But as he continued to write piano music, Debussy started trying new things, new sounds. He seemed to want to take the piano to places it had never been before.

Where did he take it? The answer, commentator Rob Kapilow tells Performance Today host Fred Child, can be found in a tiny, quiet prelude called Footsteps in the Snow.

Even before the first note is heard, Kapilow says the Debussy spell has already been cast — not only in the prelude's evocative title, but also in the descriptive instructions the composer inscribed on the manuscript: "This rhythm must have the sonorous value of a landscape sad and frozen."

The Quiet Radical

Debussy's prelude, with its quiet, snowbound character, was radical when it appeared in 1910.

"We tend to think of radical obsession as something loud, like Beethoven," Kapilow says. "But you can be radically obsessed in a quiet landscape, as well."

"All we have, basically, in this piece is a study of two footsteps — left and right. And the amazing thing is what's going to happen with that. In just these two tiny footsteps, Debussy manages to hear a complete universe."

Trudging through the snowy landscape, the listener hears Debussy's repeated alternating chords — left foot, right foot. It almost seems too simple.

"You know, the Buddhists say that if you look closely enough at a single leaf you can see the whole world," Kapilow says. "And the same thing is true here. If you look closely enough at the two frozen footsteps, you can see the whole world."

By subtly altering the chords of the footsteps, Kapilow says, Debussy gradually shifts the mood. First, a bare world, with the simplest chords. Then he warms it slightly before adding tension.

At a high point in the piece, Kapilow says that Debussy takes the obsession one step further.
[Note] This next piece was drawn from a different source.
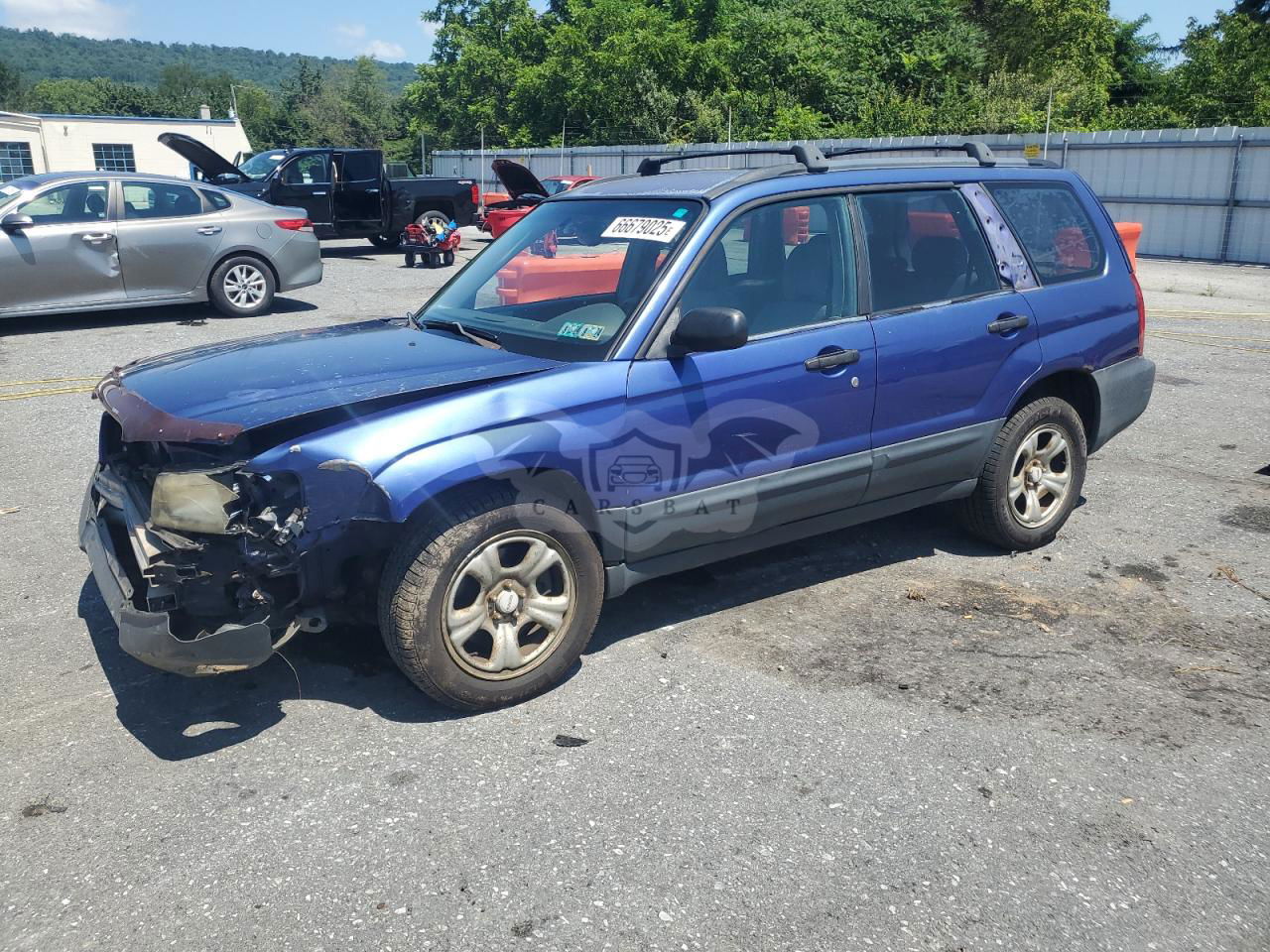Subaru Forester 2.5X 2.5L  4 2003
"We hear only the right foot, eight times in a row; we're stuck," he says. "Amazingly, what you get is a melody on top of this obsession. But the wonderful thing we all know about obsessions is how magical it is when they finally stop."

A Melody, Exposed

Debussy removes the footsteps for a moment to expose the melody, allowing the music to thaw while opening up a new world.

"We discover what's possible when we leave our obsessions behind," Kapilow says. "The same melody floats higher and higher; we've never been up here."

The final four ethereal footsteps lie in the very top of the upper register.

"We're in hallucinatory realms, here," Kapilow says. Debussy holds the chord, it dies away and then the strangest chord appears — the only home chord of the piece.

"It's home," Kapilow says, "but it hasn't resolved. You've come back to the beginning, but the beginning is the strangest place you've ever visited."